Last week I was beginning to lean in the direction of
Paul's and Frank's viewpoint.  On reflection, I think
I can argue that the two are not mutually exclusive.

As Frank points out, the "rs/bs" and "rc/bc" primatives
are useful only for a really clever target -- one that
not only has a means of backing up to a previous state,
but can do it at single-instruction granularity, fast
and efficiently, and has worked out a lot of the 'kinks'
that a lot of us haven't even thought about yet.  And
as Paul points out, there is currently only one such
target that we know of.

The bookmark (or checkpoint/restart) model is a considerably
smaller and less daunting "chunk" for the target-side
implementer to take on at one go -- and is not necessarily
limited to simulators.  If gdb implemented an interface for
checkpoint/restart, there's a good chance that a number of
targets would soon take advantage of it.

And it's quite reasonable to suppose that there is an
evolutionary path from checkpoint/restart to reverse
execution.  We've already discussed some of the ways
in which it could go, so I think it's virtually a given
that it is possible to get from A to B.  For that matter,
it should be also possible to get from B to A: a target
that only supports the rs/bs primatives should be able
to implement checkpoint/restart in terms of them.

How much of that evolution needs to take place on the
gdb side, and how much on the target side, is a great
field for discussion -- I would only note that we do
not have to answer that question now.  If we convince
ourselves that both sets of primatives are useful for
some targets, and that one may evolve into the other,
then there is no reason not to implement them both.
Being able to do either one but not the other would
be better than not being able to do either.

Certainly users have been asking for checkpoint/restart
for years, if not decades.  It would be very cool if
we could give it to them, with an interface that lends
itself to porting to various target environments.
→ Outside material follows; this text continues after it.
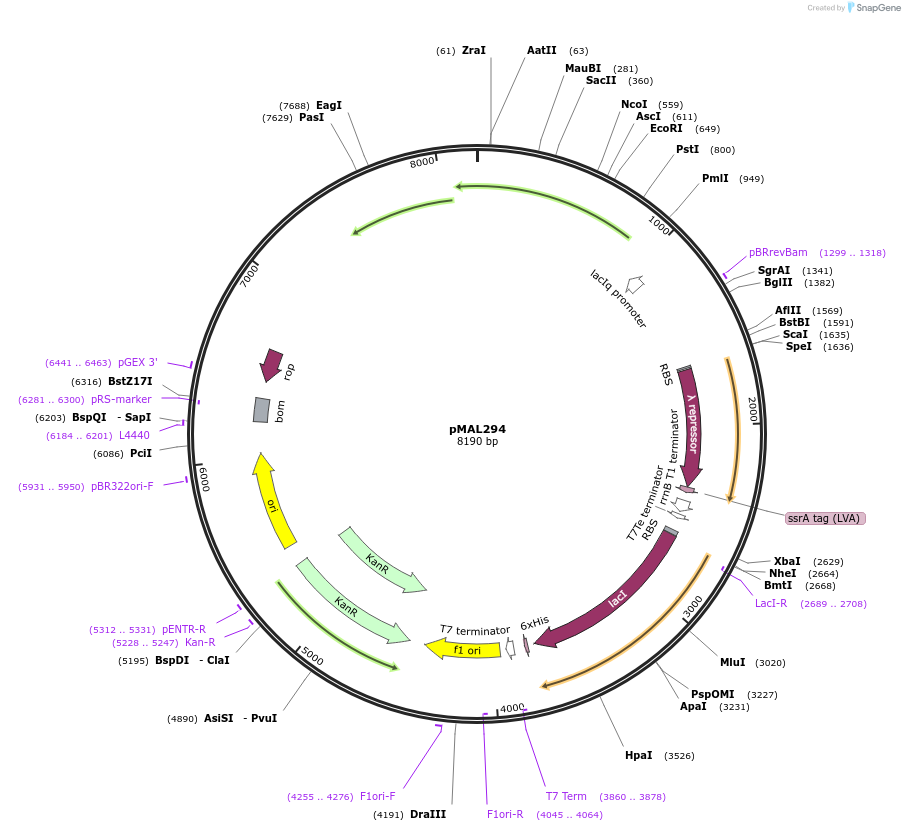 167834-plasmid-map-sequence-id-340148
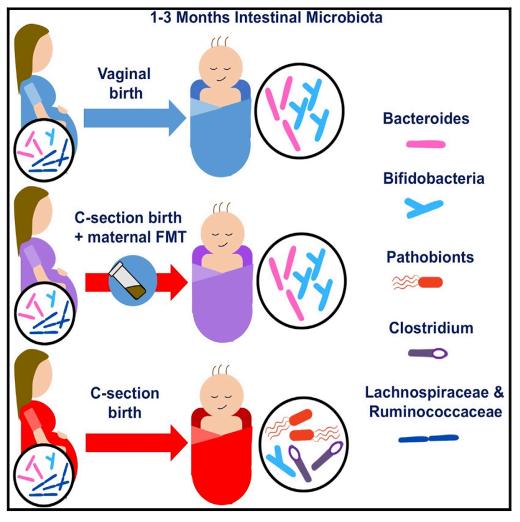 cell益生菌真的有用吗,celltibaby益生菌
And certainly the idea of reverse execution has been
around for years too, and it would be cool to be able
to support that.

So why settle for one or the other?  The beauty of
gdb is that it doesn't need to know HOW the target
accomplishes a thing.  Details such as whether the
cached states are kept in a circular buffer are
for the target implementers to worry about.  We just
define our interface specification to be as general
as possible.  The less we assume about the target-side
implementation, the better.

That said -- it's still useful and fun to discuss how
these things may be accomplished, and should help us
to design a generally useful interface.